§ Short text fragments from websites:
= = =
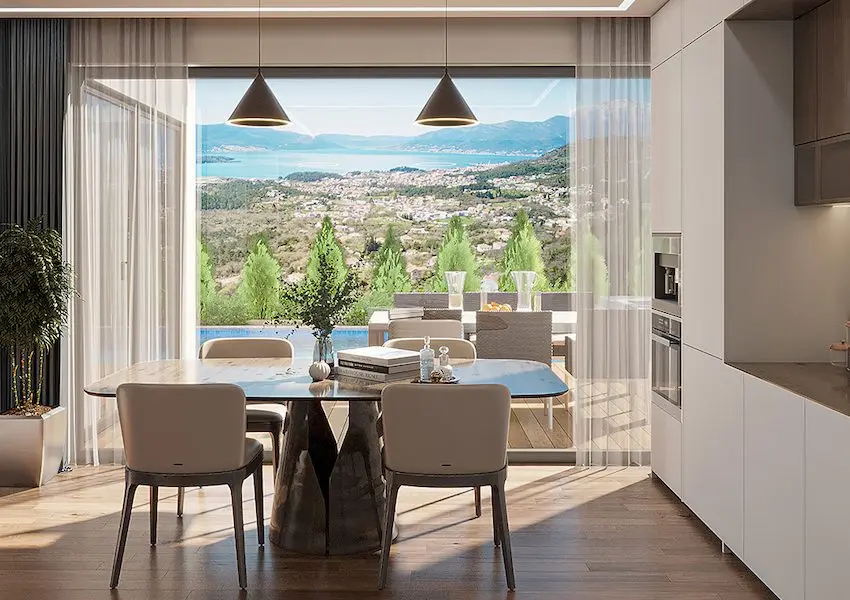 New Houses in a Gated Community, Tivat Bay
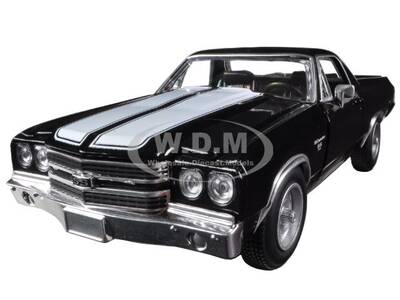 1970 Chevrolet El Camino SS Black with White Stripes \
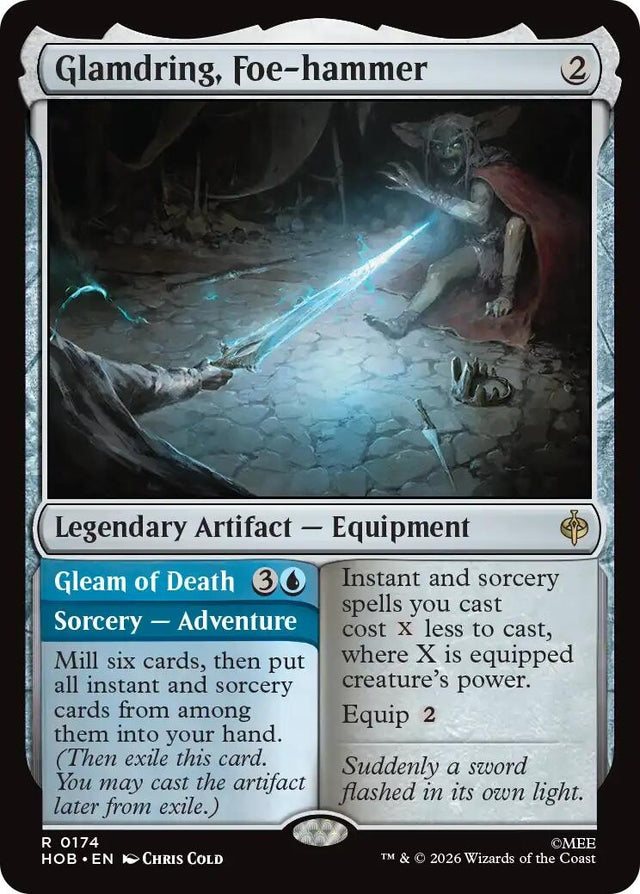 Image for Glamdring, Foe-hammer (174) (Foil) (The Hobbit) (HOB) - Magic: The Gathering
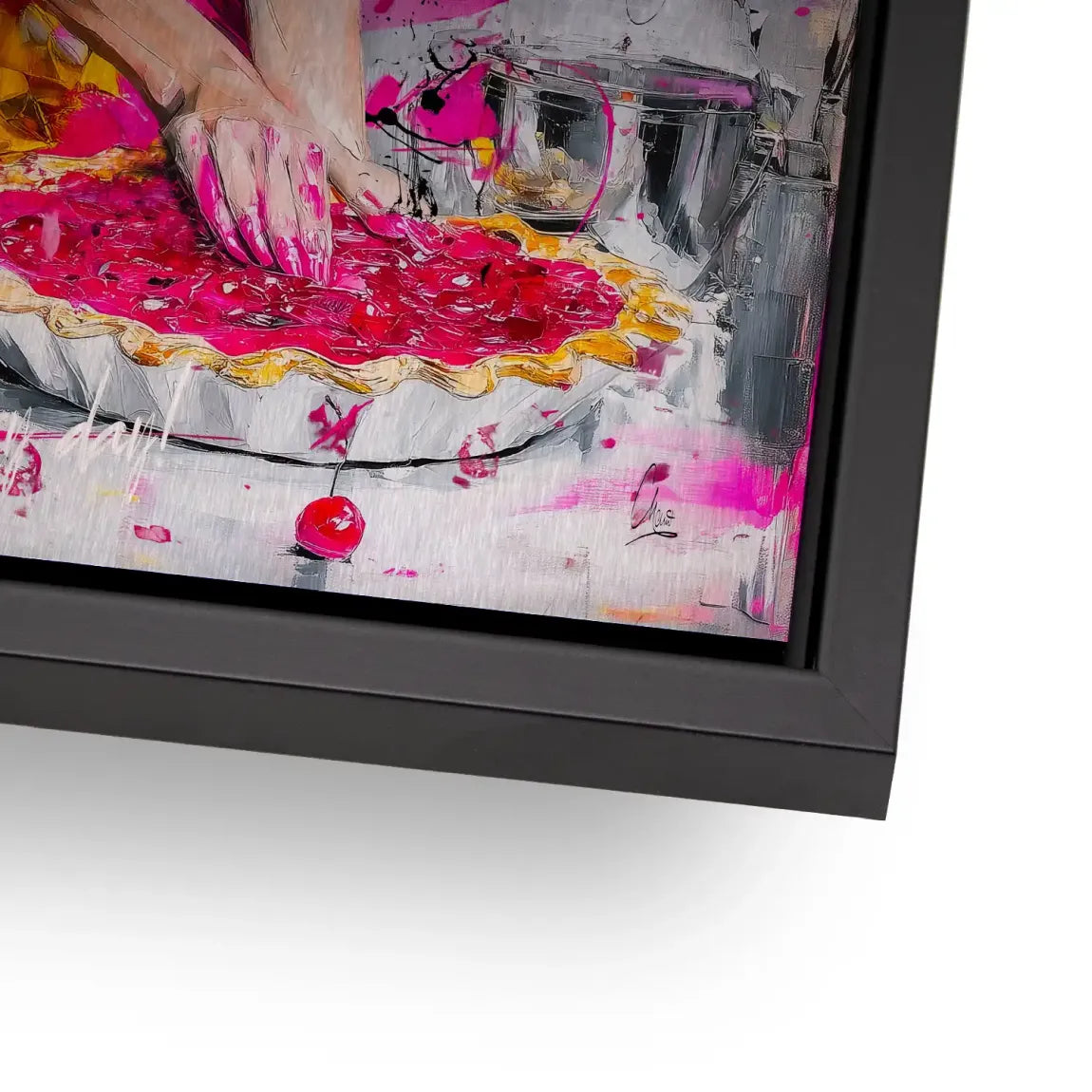 Cherry Bliss Audrey Hepburn Alu Gebürstet Bild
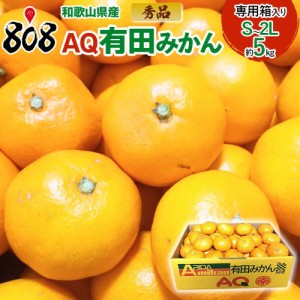 秀品　AQ有田みかん　S～2Lサイズ　専用のミカン箱入り　約5kg(北海道沖縄別途送料加算)蜜柑 ミカン ギフト 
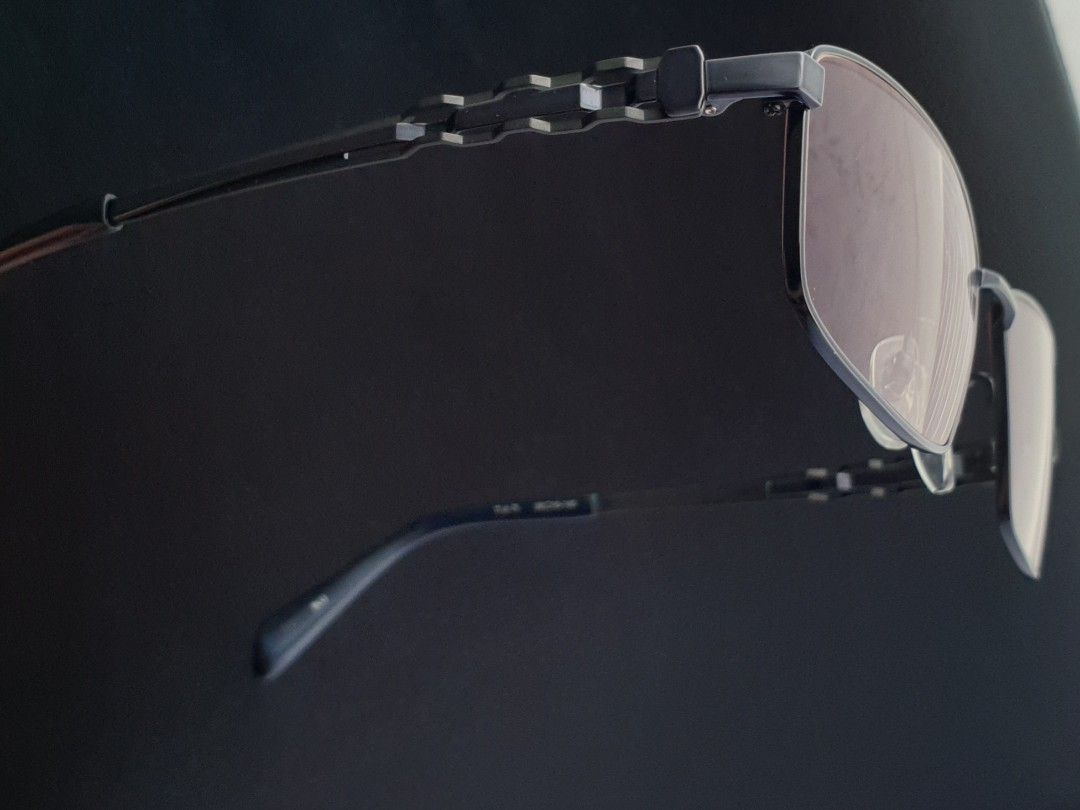 Sabaetra Titanium Eyeglass Frame (Category: Sunglasses & Eyewear) located in Quezon City. Submitted by WasalakTwo (Listing ID 1469096842, Image 2). Description: Bought in Japan Durable and high quality Goodcondition Still presentable Lens are graded, but replaceable Open for delivery nationwide Front Width 13.8cm Front Height 3.5cm.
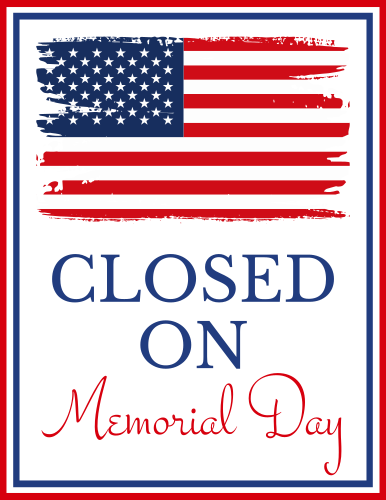 WICAA is CLOSED for Memorial Day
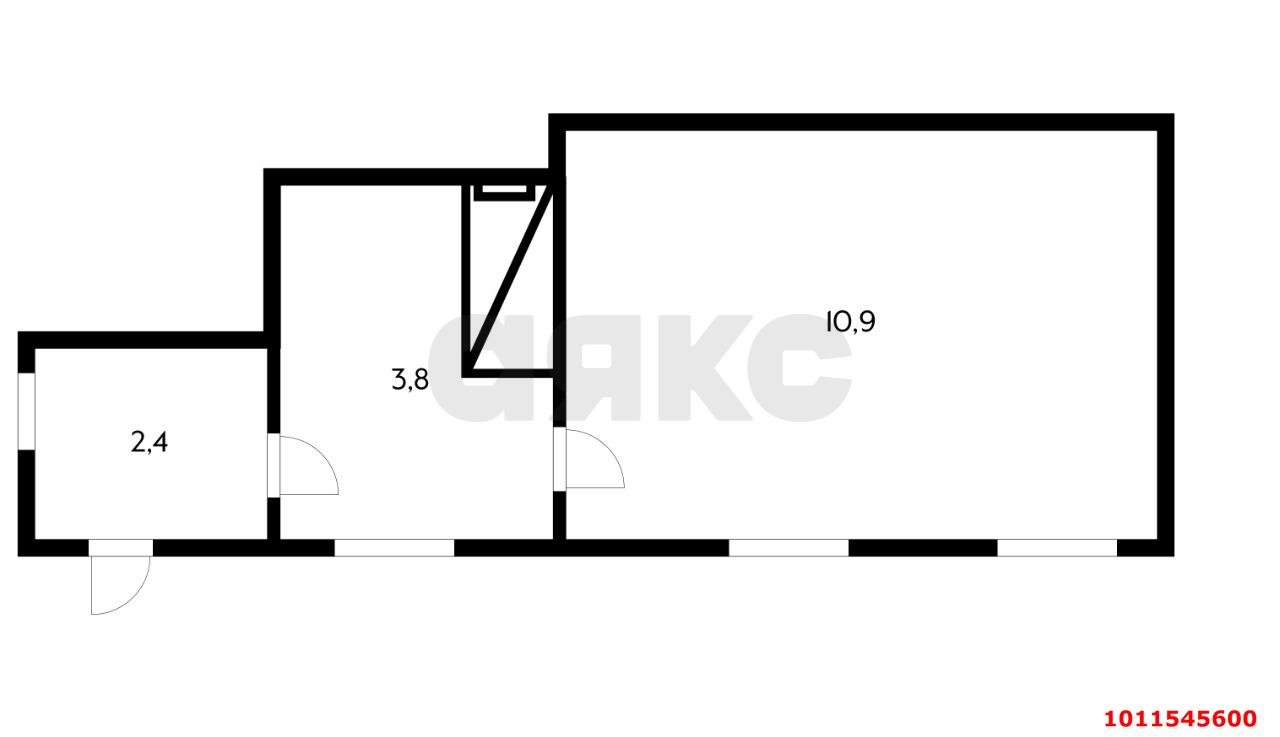 Фото №6: 1-комнатная квартира 17 м² - Краснодар, Центральный, ул. Гоголя, 85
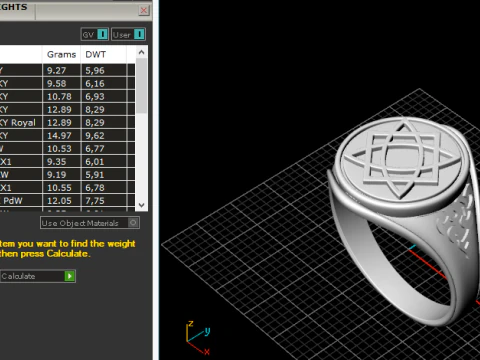 319 Mens ring with patterns 3DM STL 3D Print Model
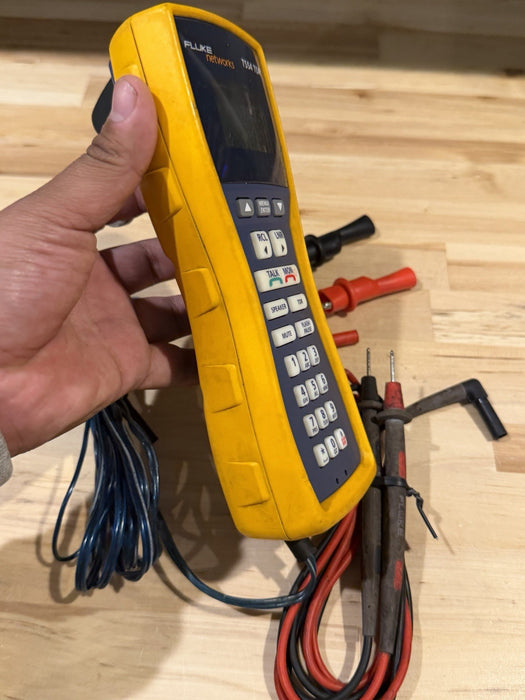 FLUKE NETWORKS TS54 TDR TESTER TESTED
= = =
§ Work item: Return exactly the lines of the data, beginning with the first and ending with the line containing "319 Mens ring". Skip the pictures.

§ Solution to this exercise:
 New Houses in a Gated Community, Tivat Bay
 1970 Chevrolet El Camino SS Black with White Stripes \
 Image for Glamdring, Foe-hammer (174) (Foil) (The Hobbit) (HOB) - Magic: The Gathering
 Cherry Bliss Audrey Hepburn Alu Gebürstet Bild
 秀品　AQ有田みかん　S～2Lサイズ　専用のミカン箱入り　約5kg(北海道沖縄別途送料加算)蜜柑 ミカン ギフト 
 Sabaetra Titanium Eyeglass Frame (Category: Sunglasses & Eyewear) located in Quezon City. Submitted by WasalakTwo (Listing ID 1469096842, Image 2). Description: Bought in Japan Durable and high quality Goodcondition Still presentable Lens are graded, but replaceable Open for delivery nationwide Front Width 13.8cm Front Height 3.5cm.
 WICAA is CLOSED for Memorial Day
 Фото №6: 1-комнатная квартира 17 м² - Краснодар, Центральный, ул. Гоголя, 85
 319 Mens ring with patterns 3DM STL 3D Print Model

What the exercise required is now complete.